#### HOW TO COMPLETE THIS TASK
Your output should be an exact copy of the records, with no pictures in it.

═════ DATA PROVIDED ═════

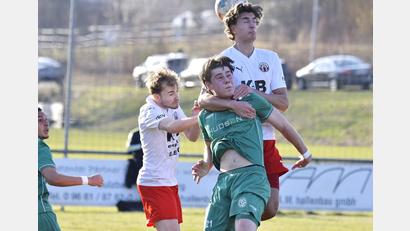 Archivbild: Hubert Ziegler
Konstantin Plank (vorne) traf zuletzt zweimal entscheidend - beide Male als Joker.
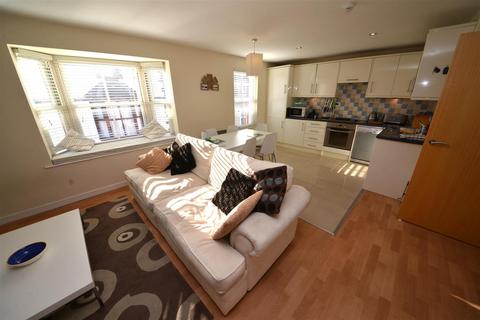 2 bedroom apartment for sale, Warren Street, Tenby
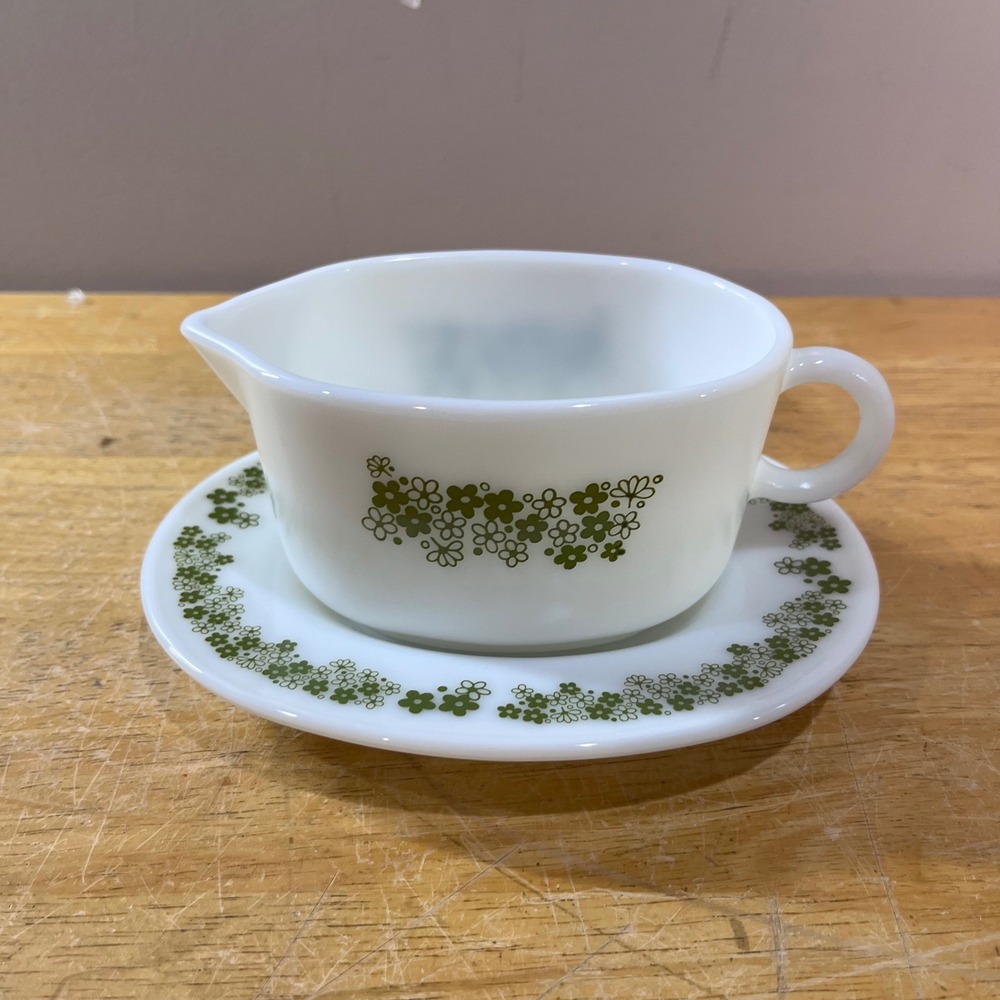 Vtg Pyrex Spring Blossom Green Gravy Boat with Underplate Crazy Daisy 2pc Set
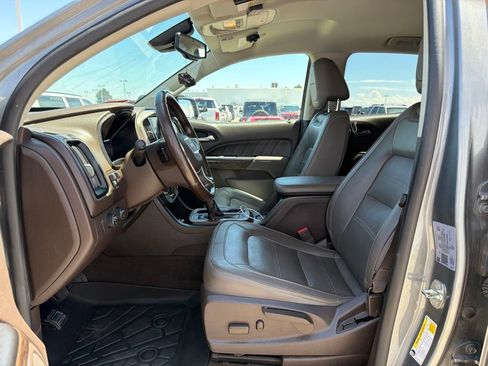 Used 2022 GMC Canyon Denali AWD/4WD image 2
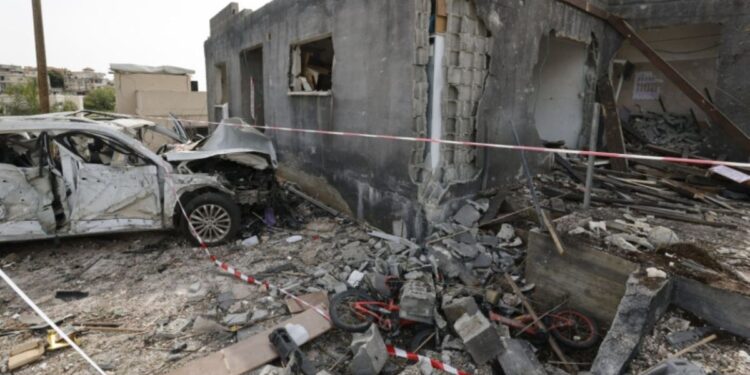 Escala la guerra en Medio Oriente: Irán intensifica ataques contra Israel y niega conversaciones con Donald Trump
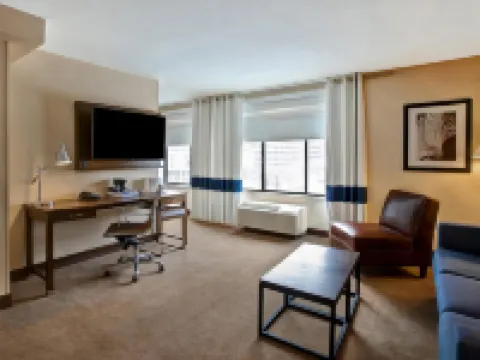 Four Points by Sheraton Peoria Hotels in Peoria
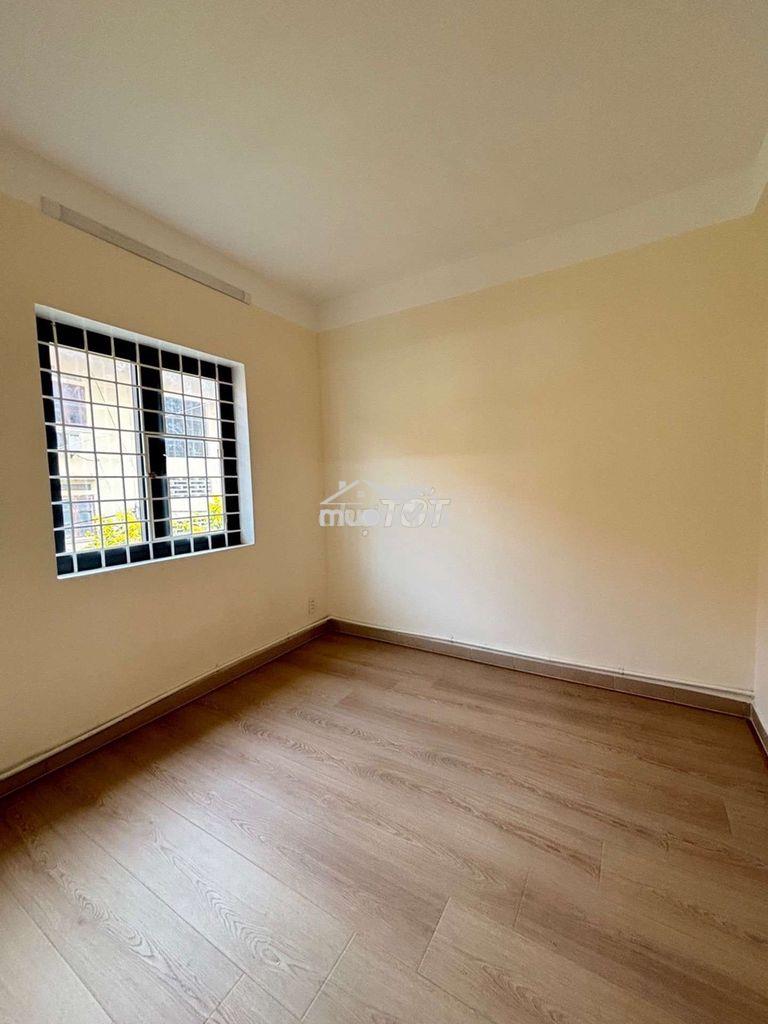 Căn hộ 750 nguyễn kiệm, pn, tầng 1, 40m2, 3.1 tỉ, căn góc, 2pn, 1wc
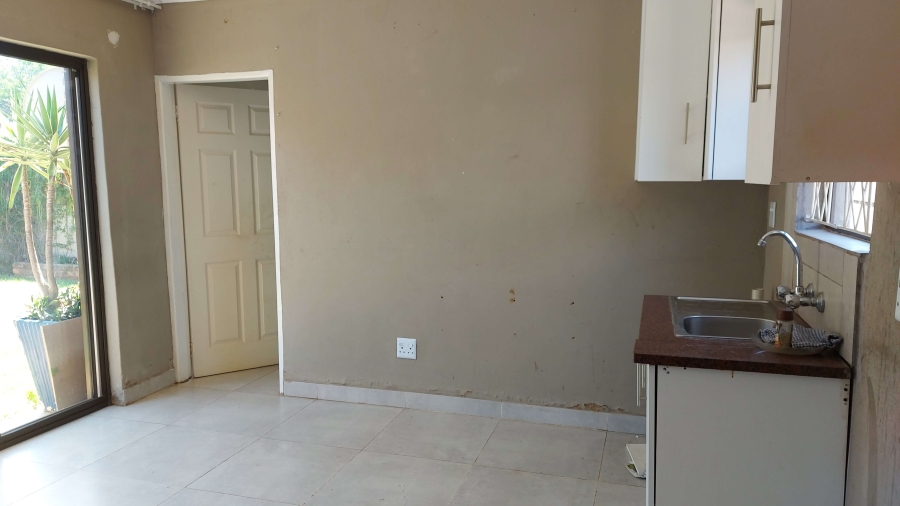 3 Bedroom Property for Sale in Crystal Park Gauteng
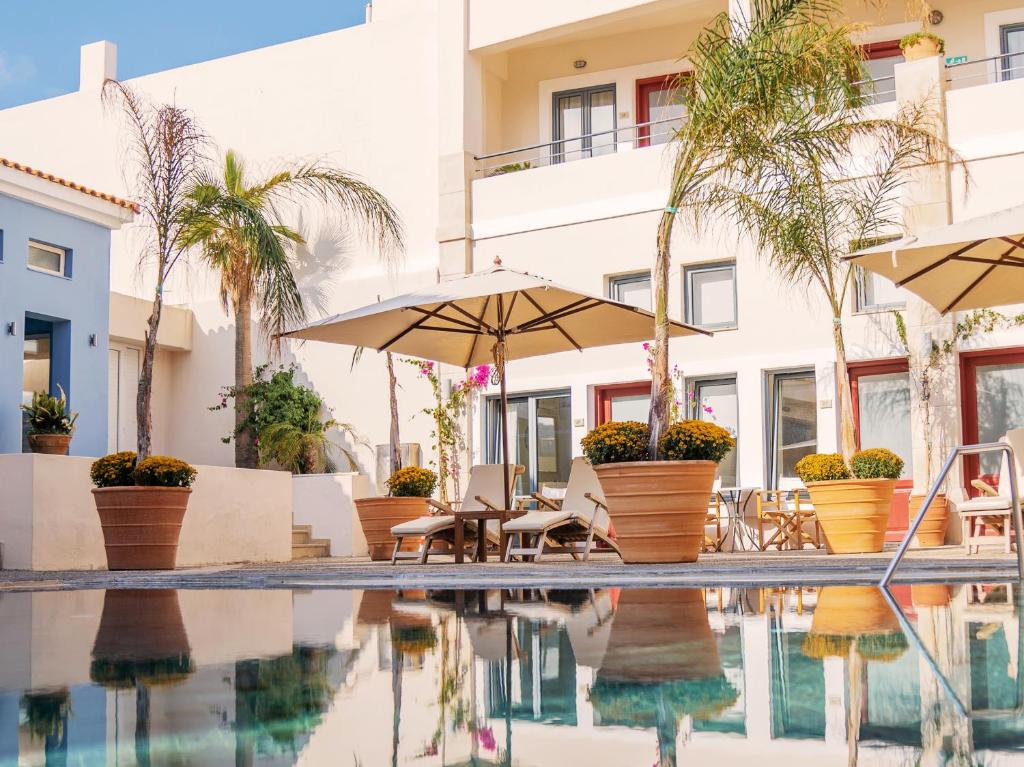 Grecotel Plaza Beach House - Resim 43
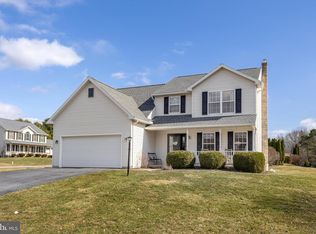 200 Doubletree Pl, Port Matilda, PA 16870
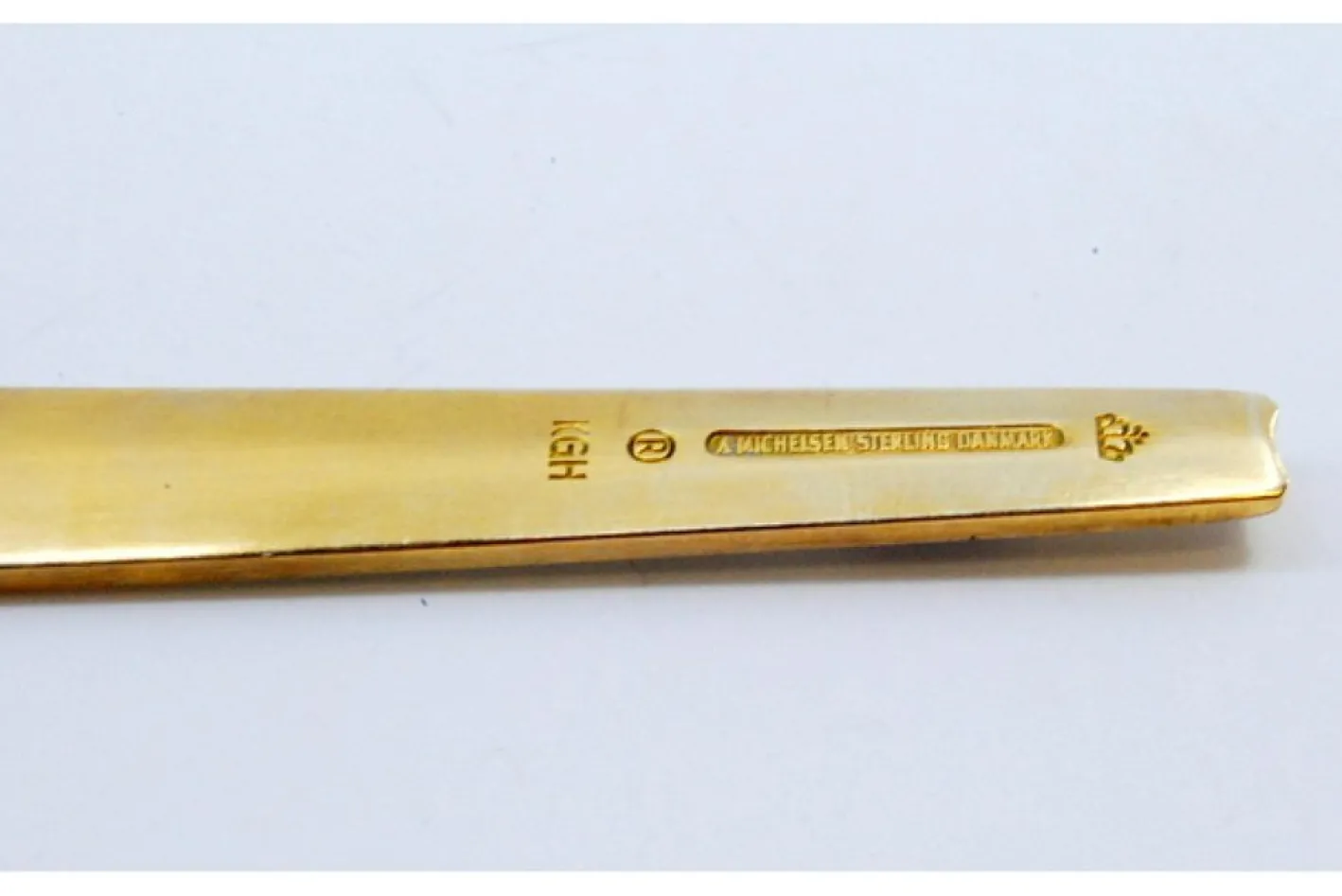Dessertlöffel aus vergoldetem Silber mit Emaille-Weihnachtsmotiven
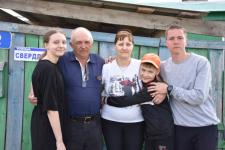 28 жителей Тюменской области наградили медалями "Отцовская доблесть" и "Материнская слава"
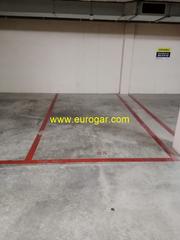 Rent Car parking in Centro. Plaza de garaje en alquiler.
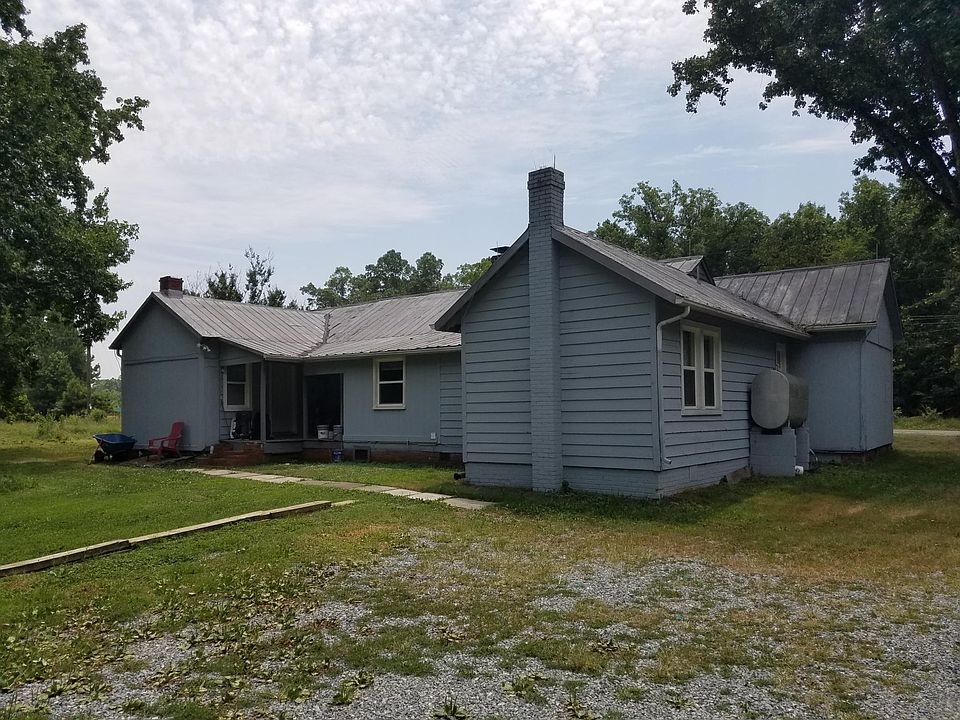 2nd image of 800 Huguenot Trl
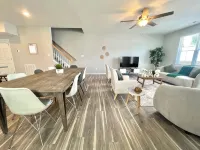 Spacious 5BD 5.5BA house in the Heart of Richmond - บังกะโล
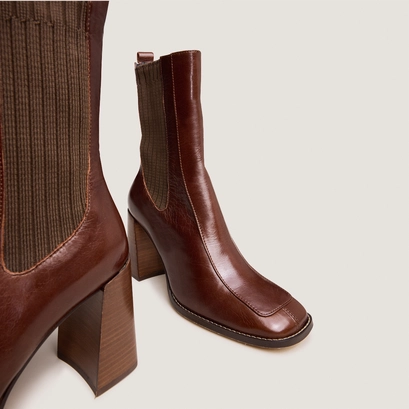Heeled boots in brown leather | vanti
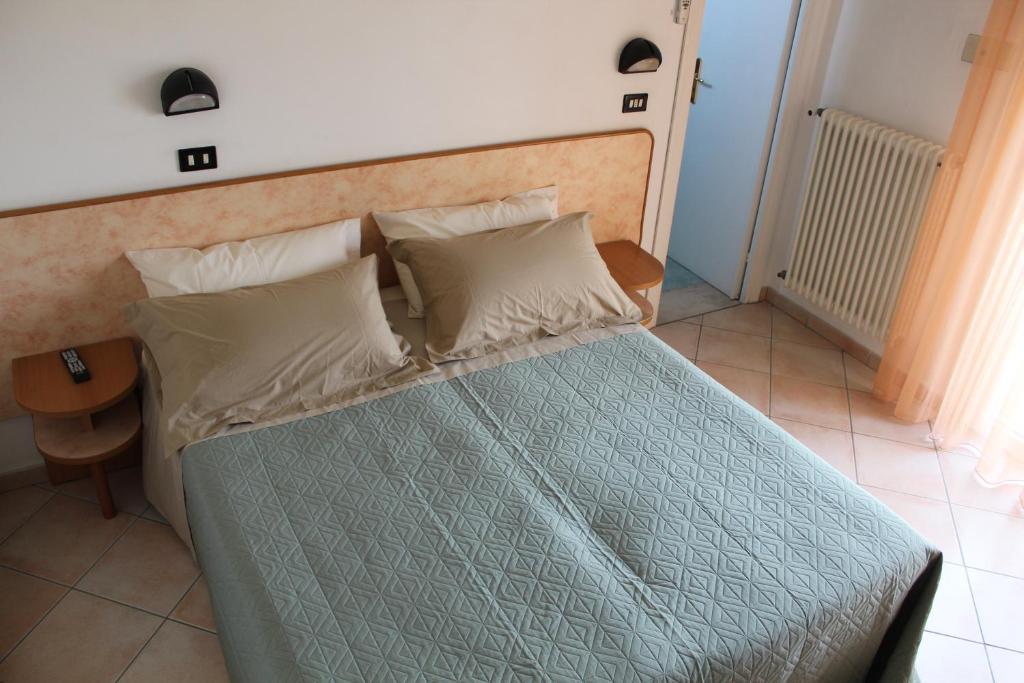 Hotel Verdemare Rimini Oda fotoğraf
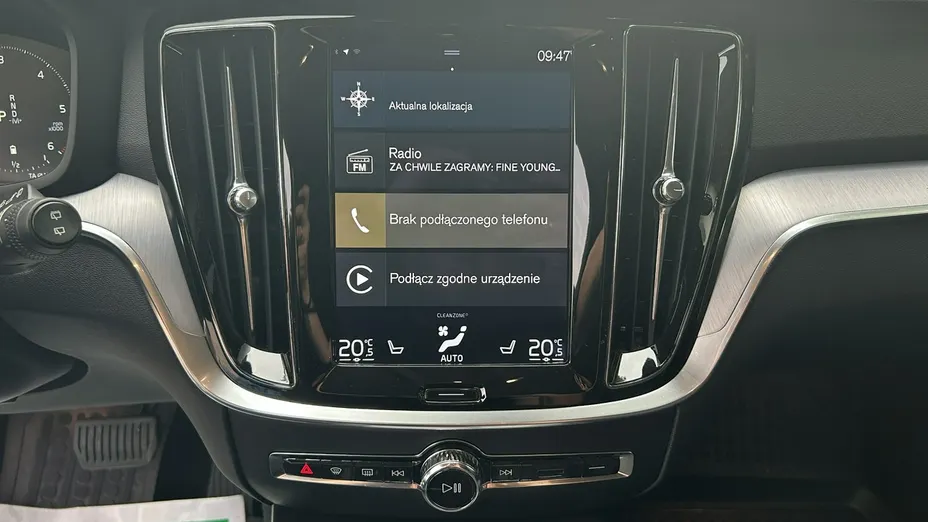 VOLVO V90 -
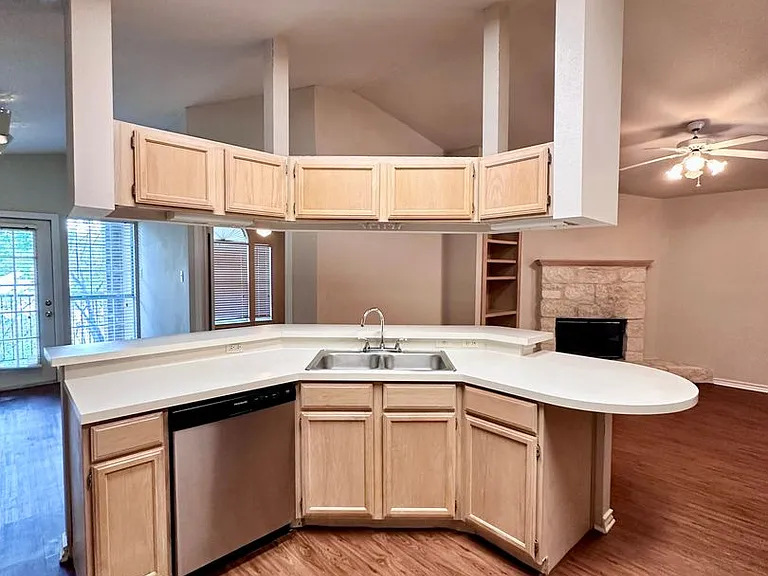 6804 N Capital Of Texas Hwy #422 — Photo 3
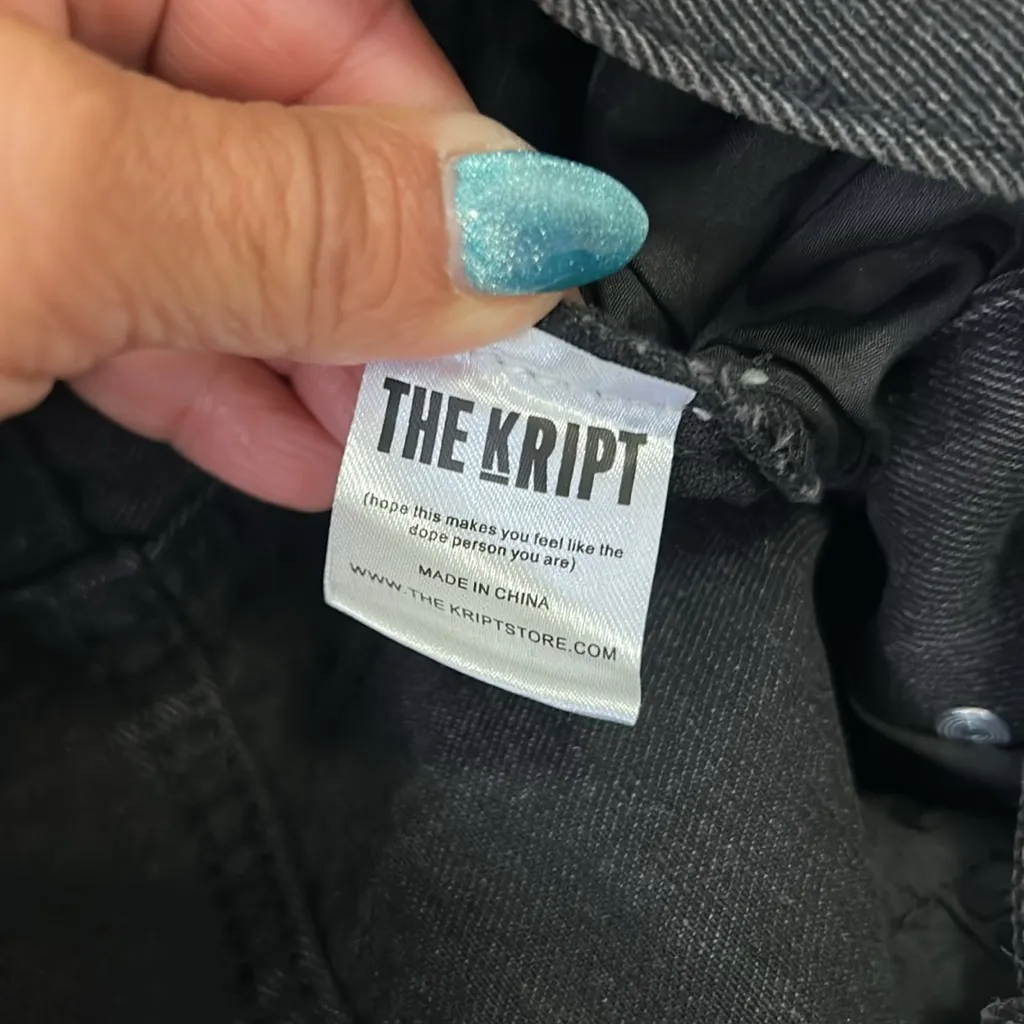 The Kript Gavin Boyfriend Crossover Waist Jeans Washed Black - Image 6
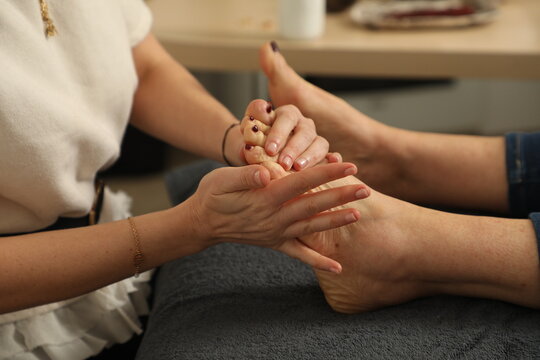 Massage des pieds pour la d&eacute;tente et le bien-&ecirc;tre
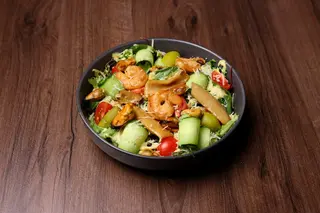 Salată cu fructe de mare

═════

#### WORKED SOLUTION
 Archivbild: Hubert Ziegler
Konstantin Plank (vorne) traf zuletzt zweimal entscheidend - beide Male als Joker.
 2 bedroom apartment for sale, Warren Street, Tenby
 Vtg Pyrex Spring Blossom Green Gravy Boat with Underplate Crazy Daisy 2pc Set
 Used 2022 GMC Canyon Denali AWD/4WD image 2
 Escala la guerra en Medio Oriente: Irán intensifica ataques contra Israel y niega conversaciones con Donald Trump
 Four Points by Sheraton Peoria Hotels in Peoria
 Căn hộ 750 nguyễn kiệm, pn, tầng 1, 40m2, 3.1 tỉ, căn góc, 2pn, 1wc
 3 Bedroom Property for Sale in Crystal Park Gauteng
 Grecotel Plaza Beach House - Resim 43
 200 Doubletree Pl, Port Matilda, PA 16870
Dessertlöffel aus vergoldetem Silber mit Emaille-Weihnachtsmotiven
 28 жителей Тюменской области наградили медалями "Отцовская доблесть" и "Материнская слава"
 Rent Car parking in Centro. Plaza de garaje en alquiler.
 2nd image of 800 Huguenot Trl
 Spacious 5BD 5.5BA house in the Heart of Richmond - บังกะโล
Heeled boots in brown leather | vanti
 Hotel Verdemare Rimini Oda fotoğraf
 VOLVO V90 -
 6804 N Capital Of Texas Hwy #422 — Photo 3
 The Kript Gavin Boyfriend Crossover Waist Jeans Washed Black - Image 6
 Massage des pieds pour la d&eacute;tente et le bien-&ecirc;tre
 Salată cu fructe de mare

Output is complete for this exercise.